O Opala estava na frente de Marco, estavam na mesma pista, questão de poucos metros e ele calculava a mira quando o carro aproximou-se rapidamente, o homem havia dado uma freada brusca e ele não percebeu, a frente do Vectra ficou bem amassada, a traseira do Opala também. O Vectra patinou e Marco largou a arma em seu colo, soltou imediatamente o acelerador, dando bombeadas leves no freio sem girar o volante, o carro voltou a alinhar e ele voltou a pisar no acelerador.

- Merda de pista molhada! – reclamou Marco e lembrou-se de colocar o cinto.

O Opala tentava ganhar velocidade, também havia patinado, mas o homem, apesar da maior habilidade de direção, teve maior dificuldade para controlar o carro, já que a patinagem foi feita pela a parte traseira do Opala.

Marco conseguiu colocar o Vectra bem ao lado do Opala, pegou a arma em seu colo e já ia colocando-a para fora quando teve que abaixar-se. O homem já havia sacado a pistola e disparou quatro vezes contra ele. O primeiro tiro passou por cima da cabeça de Marco, o segundo acertou a pista, o terceiro ricocheteou na calota do Vectra e o quarto acertou o pneu, fazendo com que o carro perdesse o controle. O Opala ganhou velocidade disparando na frente do Vectra desgovernado. Marco conseguiu desviar do primeiro poste, mas não do gelo baiano que serviu de rampa para o lado direito do carro, virando-o em alta velocidade. O Vectra capotou várias vezes, cada vez que atingia o chão, peças metálicas e vidro voavam e se não fosse pelo cinto, Marco estaria morto e não apenas com um ombro deslocado e alguns cortes superficiais por todo o corpo.

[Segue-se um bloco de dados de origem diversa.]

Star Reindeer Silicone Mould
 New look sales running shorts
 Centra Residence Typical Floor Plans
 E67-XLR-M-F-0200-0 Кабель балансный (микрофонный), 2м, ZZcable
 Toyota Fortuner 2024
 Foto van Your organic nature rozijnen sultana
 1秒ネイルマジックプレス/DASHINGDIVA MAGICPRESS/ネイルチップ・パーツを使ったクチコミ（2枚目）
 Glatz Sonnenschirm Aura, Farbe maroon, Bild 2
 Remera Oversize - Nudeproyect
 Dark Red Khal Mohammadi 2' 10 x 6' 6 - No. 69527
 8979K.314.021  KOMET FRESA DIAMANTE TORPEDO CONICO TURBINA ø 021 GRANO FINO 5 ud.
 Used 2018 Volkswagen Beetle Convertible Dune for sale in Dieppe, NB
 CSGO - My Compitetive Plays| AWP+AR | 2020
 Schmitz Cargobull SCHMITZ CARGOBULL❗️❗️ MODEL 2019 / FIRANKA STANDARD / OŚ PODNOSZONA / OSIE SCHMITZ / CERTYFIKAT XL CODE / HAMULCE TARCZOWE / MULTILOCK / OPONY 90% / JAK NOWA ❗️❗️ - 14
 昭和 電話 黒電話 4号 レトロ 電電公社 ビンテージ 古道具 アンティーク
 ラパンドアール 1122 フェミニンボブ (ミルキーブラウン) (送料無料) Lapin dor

O homem olhava pelo retrovisor. Achou que deveria sentir prazer, mas pegou-se torcendo que o detetive estivesse bem, afinal, quando tudo estivesse acabado, precisaria de alguém com coragem para apertar o gatilho. Ele pegou o celular e discou três números.

- Corpo de bombeiros, qual a emergência? – perguntou a mulher do outro lado da linha.